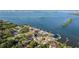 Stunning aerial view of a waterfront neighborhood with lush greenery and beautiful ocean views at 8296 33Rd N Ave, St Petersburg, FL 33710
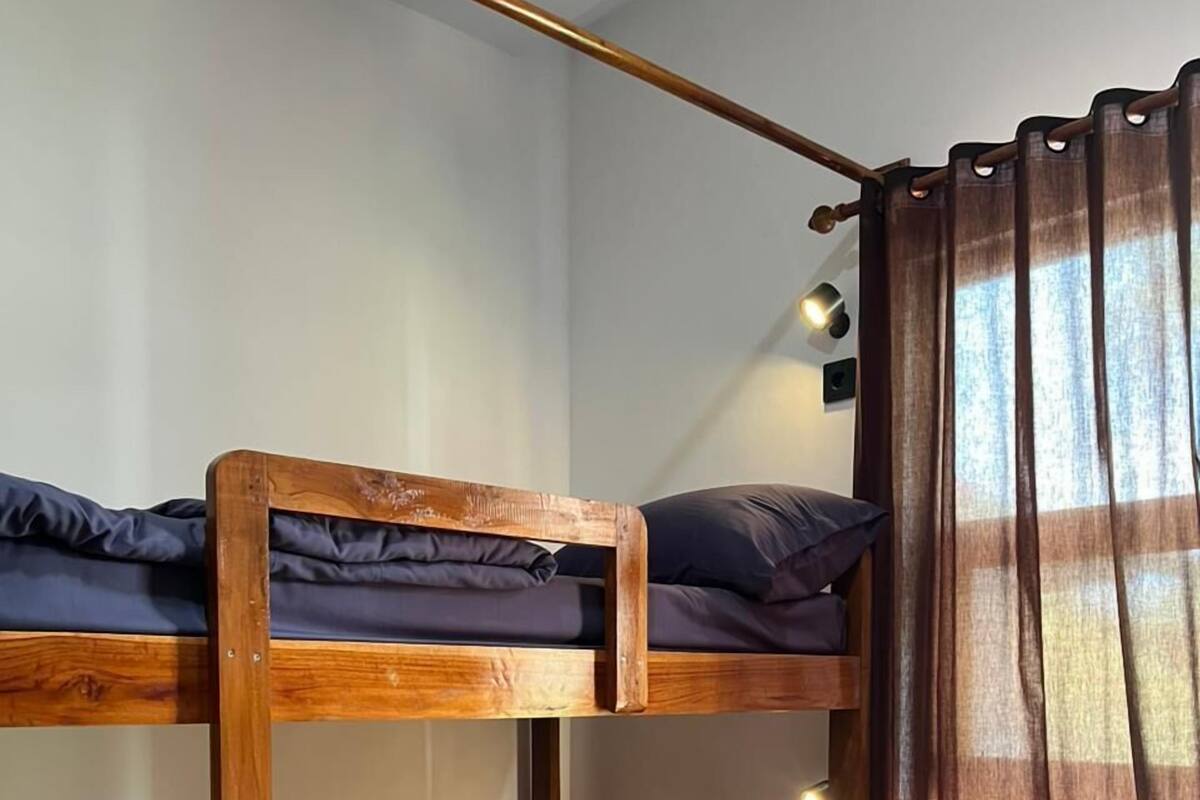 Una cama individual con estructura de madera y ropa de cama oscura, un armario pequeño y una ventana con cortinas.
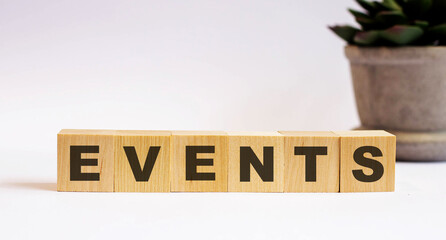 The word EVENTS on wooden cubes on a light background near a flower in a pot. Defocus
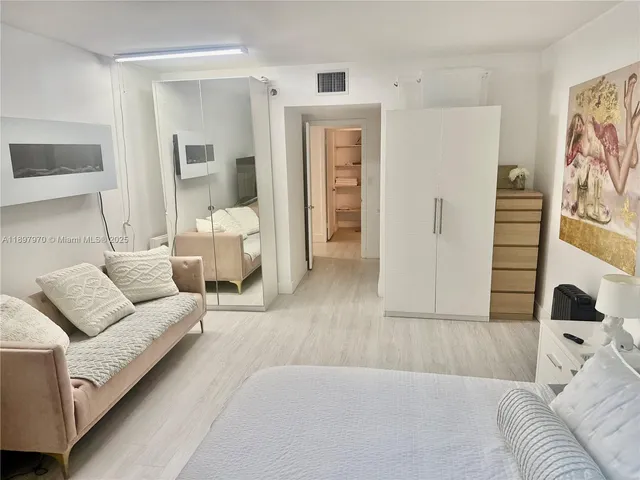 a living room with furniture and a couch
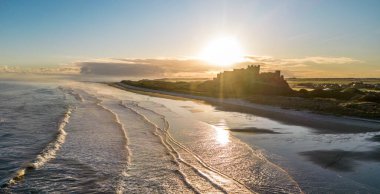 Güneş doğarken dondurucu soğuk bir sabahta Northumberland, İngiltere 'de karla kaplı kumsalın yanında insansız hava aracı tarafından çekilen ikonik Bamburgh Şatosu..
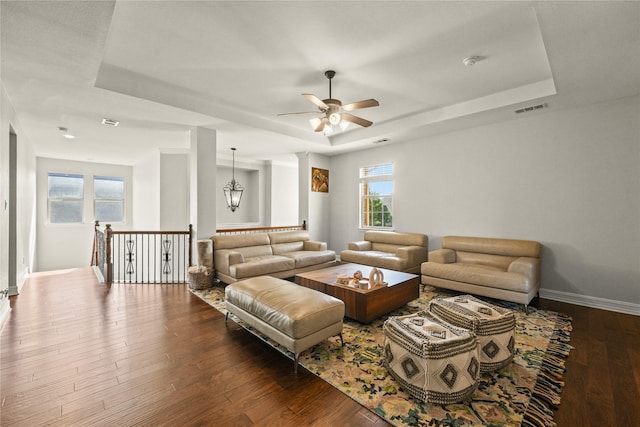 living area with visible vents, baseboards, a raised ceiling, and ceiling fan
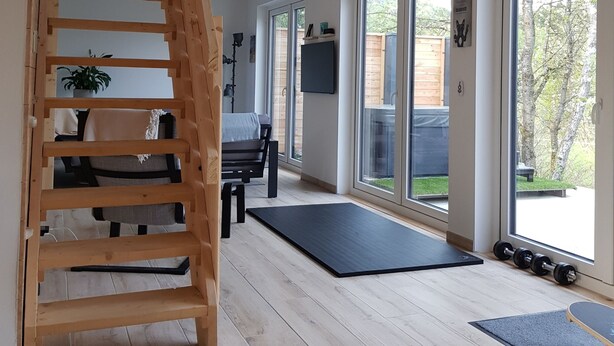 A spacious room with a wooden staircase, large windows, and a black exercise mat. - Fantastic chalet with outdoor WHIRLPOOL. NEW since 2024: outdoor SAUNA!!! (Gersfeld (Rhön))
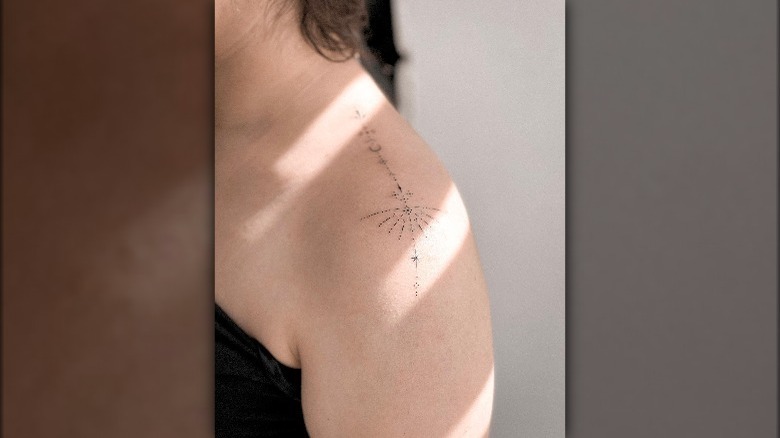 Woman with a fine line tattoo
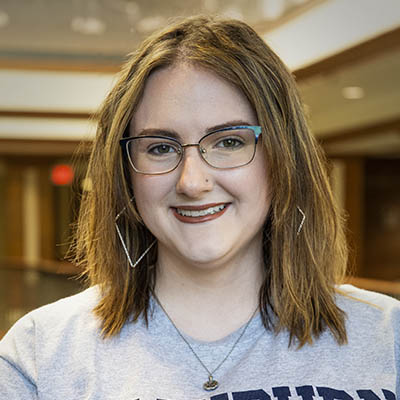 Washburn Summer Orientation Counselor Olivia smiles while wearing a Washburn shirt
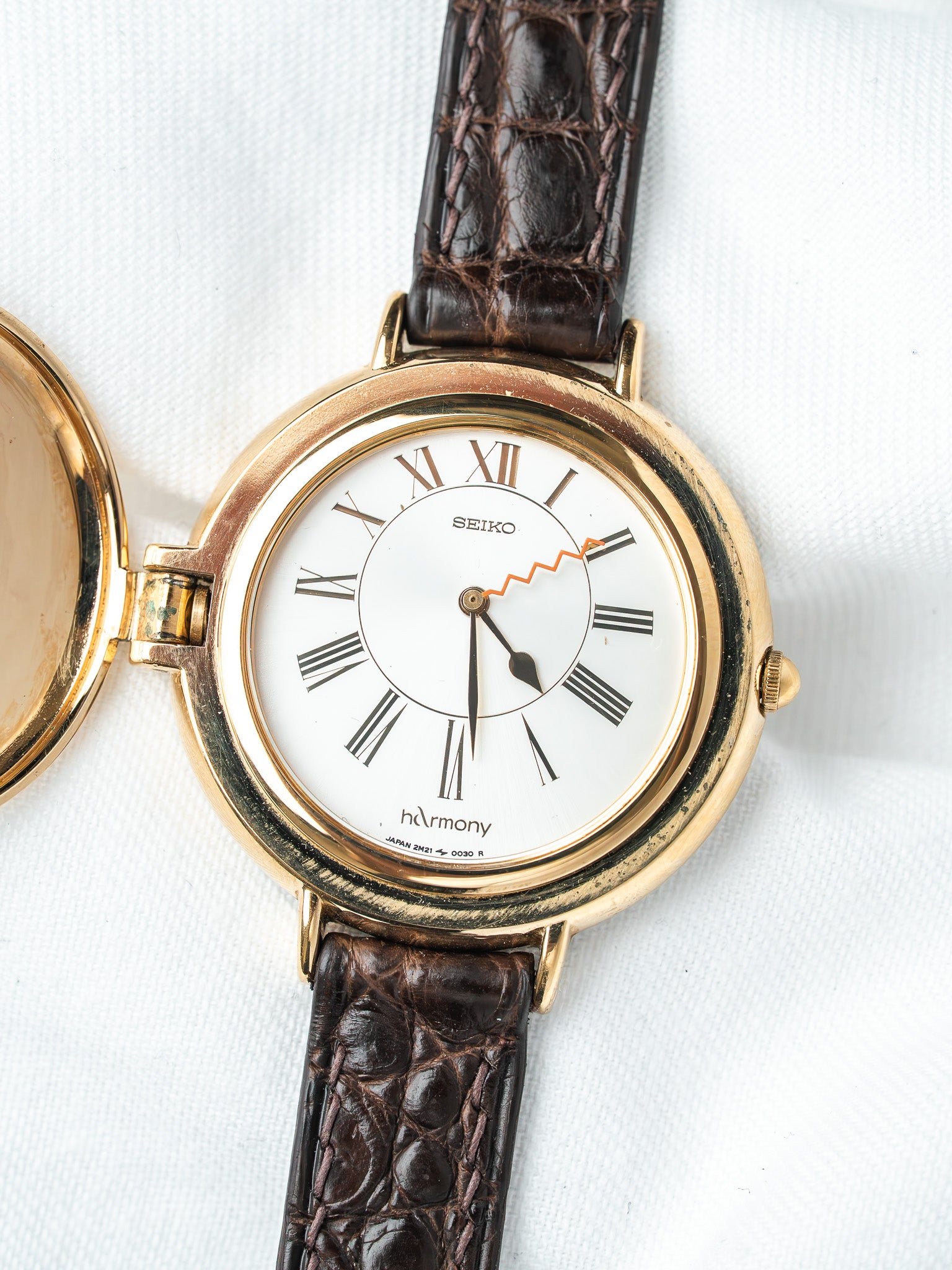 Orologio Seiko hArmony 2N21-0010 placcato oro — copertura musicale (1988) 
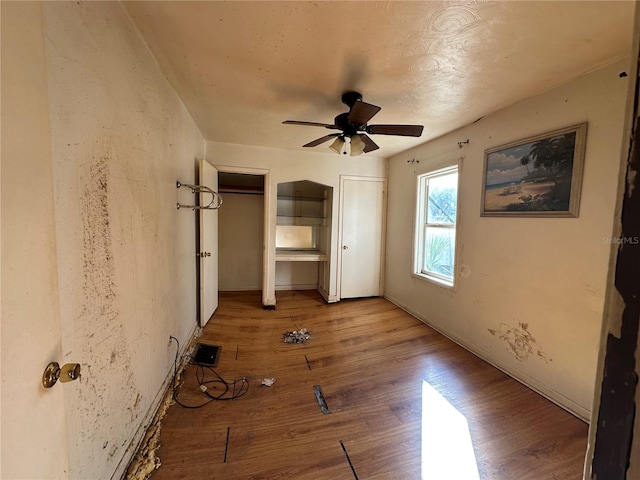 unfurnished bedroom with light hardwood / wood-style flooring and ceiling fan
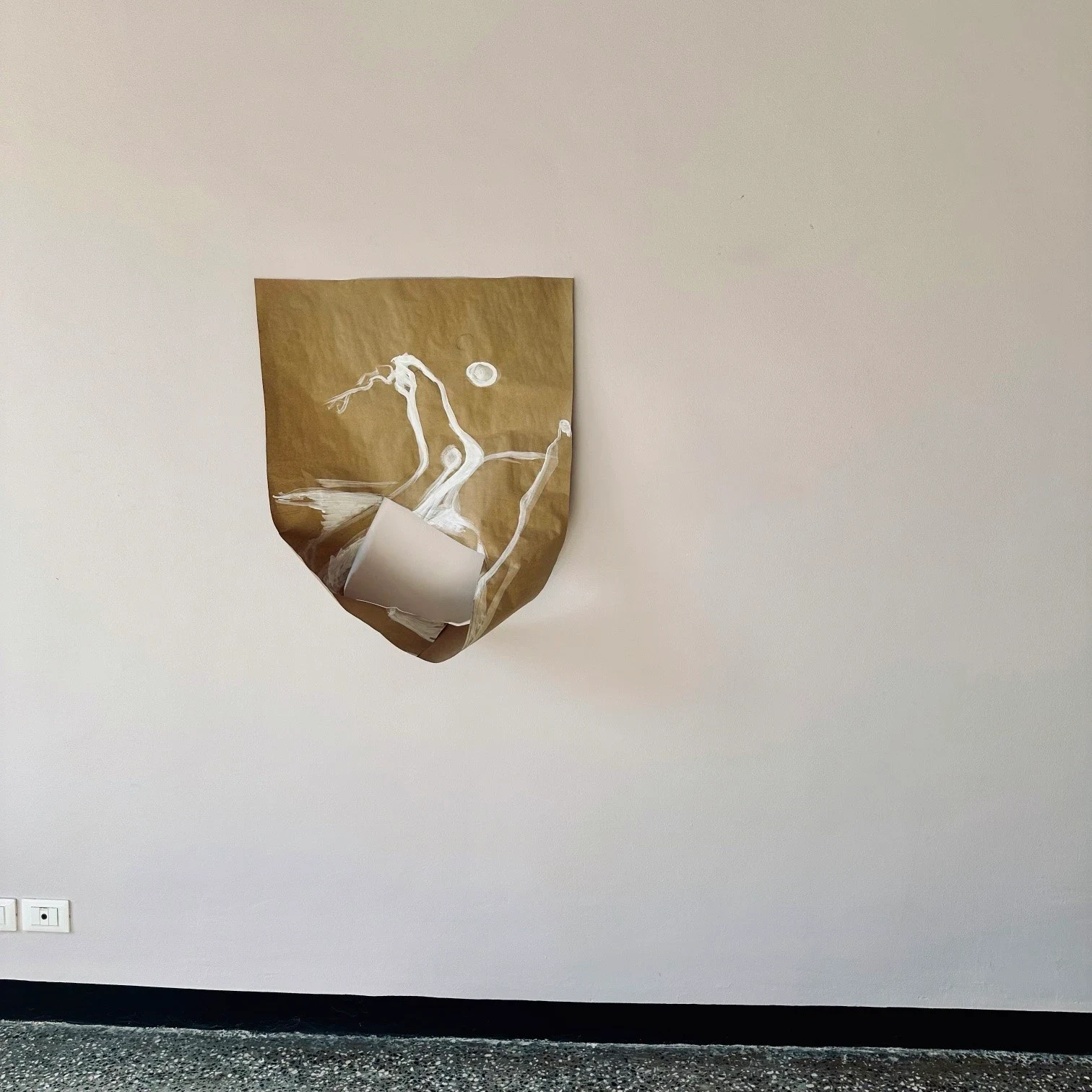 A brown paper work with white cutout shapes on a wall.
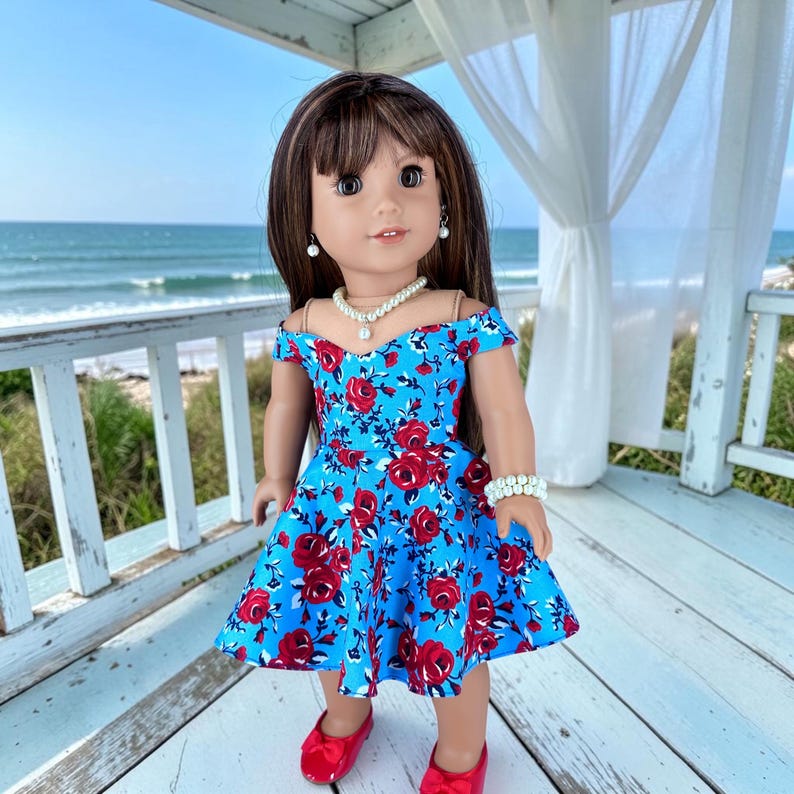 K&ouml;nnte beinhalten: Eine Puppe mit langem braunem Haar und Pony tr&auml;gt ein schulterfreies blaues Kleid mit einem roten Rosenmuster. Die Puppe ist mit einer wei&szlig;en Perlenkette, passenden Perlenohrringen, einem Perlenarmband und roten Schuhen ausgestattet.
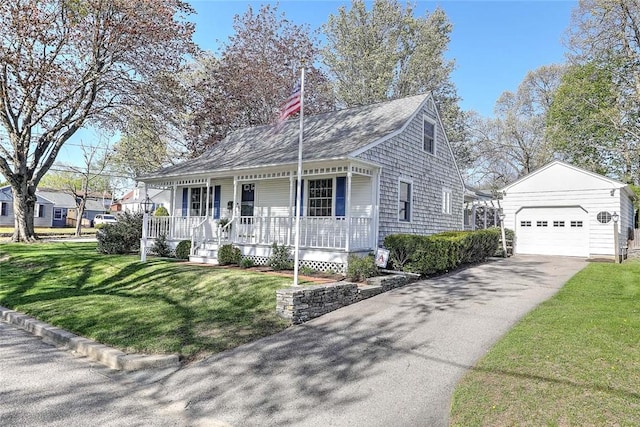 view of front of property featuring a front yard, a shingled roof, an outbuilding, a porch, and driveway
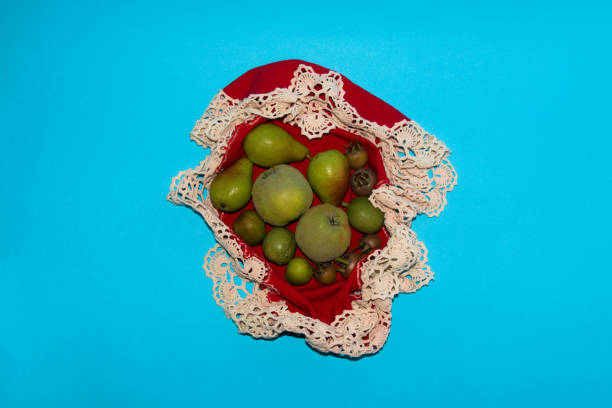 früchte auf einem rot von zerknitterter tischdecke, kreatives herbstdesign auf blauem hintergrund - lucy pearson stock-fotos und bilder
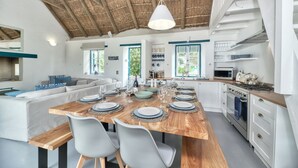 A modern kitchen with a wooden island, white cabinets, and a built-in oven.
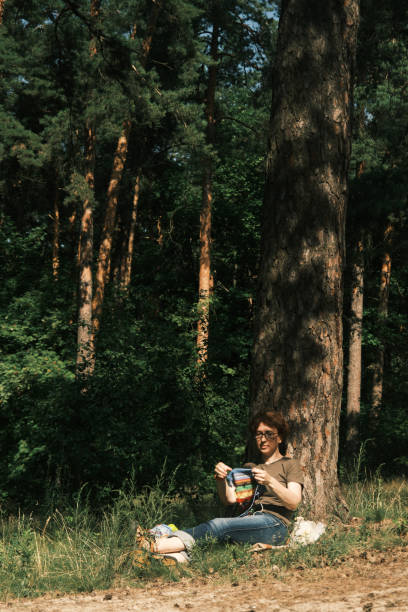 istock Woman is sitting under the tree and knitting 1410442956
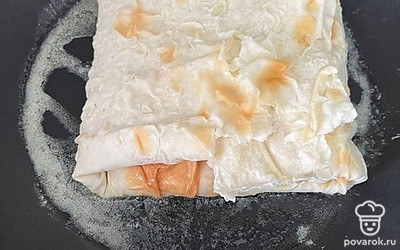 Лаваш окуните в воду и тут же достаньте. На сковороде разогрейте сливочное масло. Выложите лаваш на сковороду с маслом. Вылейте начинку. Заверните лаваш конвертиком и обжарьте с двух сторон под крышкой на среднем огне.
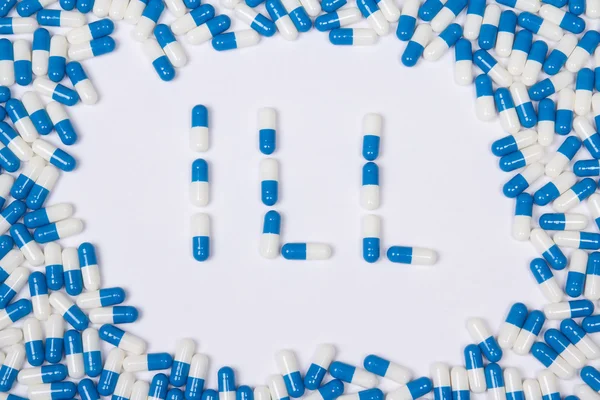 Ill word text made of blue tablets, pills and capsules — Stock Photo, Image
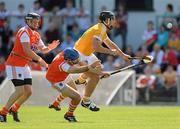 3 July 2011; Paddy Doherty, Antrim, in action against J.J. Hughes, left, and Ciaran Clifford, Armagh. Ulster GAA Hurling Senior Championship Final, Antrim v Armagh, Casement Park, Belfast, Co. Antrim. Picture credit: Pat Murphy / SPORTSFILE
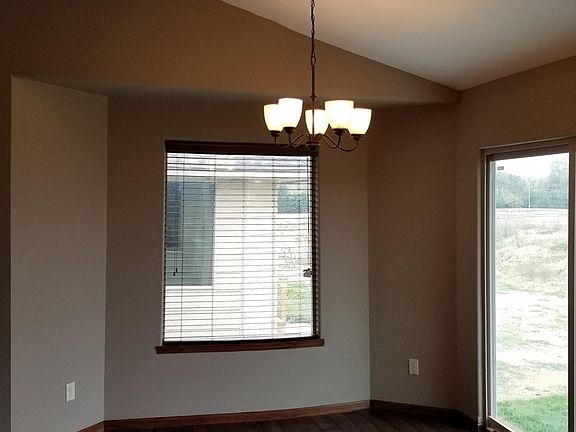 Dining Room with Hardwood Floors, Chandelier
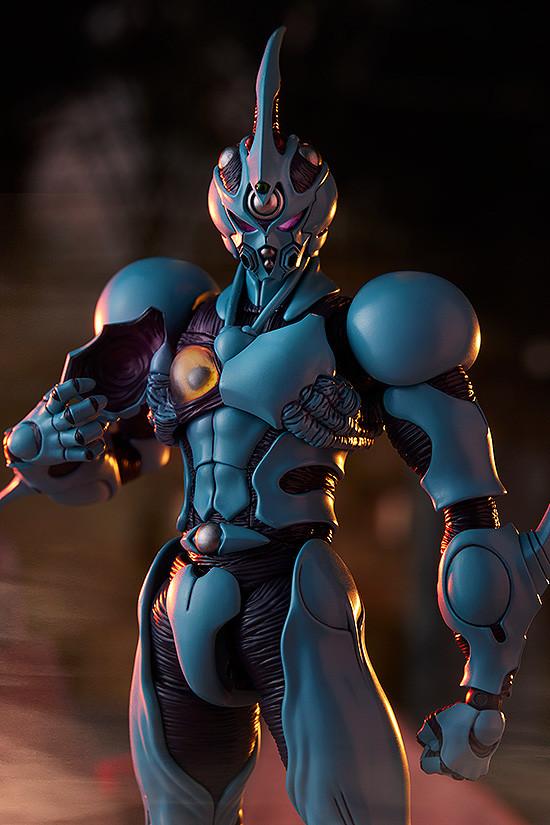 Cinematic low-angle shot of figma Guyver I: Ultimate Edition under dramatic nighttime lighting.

### Task objective
Starting with the first line of the data above, write out each line exactly up to and including the line that holds "A brown paper". Pictures stay out.

### Final answer
 Stunning aerial view of a waterfront neighborhood with lush greenery and beautiful ocean views at 8296 33Rd N Ave, St Petersburg, FL 33710
 Una cama individual con estructura de madera y ropa de cama oscura, un armario pequeño y una ventana con cortinas.
 The word EVENTS on wooden cubes on a light background near a flower in a pot. Defocus
 a living room with furniture and a couch
 Güneş doğarken dondurucu soğuk bir sabahta Northumberland, İngiltere 'de karla kaplı kumsalın yanında insansız hava aracı tarafından çekilen ikonik Bamburgh Şatosu..
 living area with visible vents, baseboards, a raised ceiling, and ceiling fan
 A spacious room with a wooden staircase, large windows, and a black exercise mat. - Fantastic chalet with outdoor WHIRLPOOL. NEW since 2024: outdoor SAUNA!!! (Gersfeld (Rhön))
 Woman with a fine line tattoo
 Washburn Summer Orientation Counselor Olivia smiles while wearing a Washburn shirt
 Orologio Seiko hArmony 2N21-0010 placcato oro — copertura musicale (1988) 
 unfurnished bedroom with light hardwood / wood-style flooring and ceiling fan
 A brown paper work with white cutout shapes on a wall.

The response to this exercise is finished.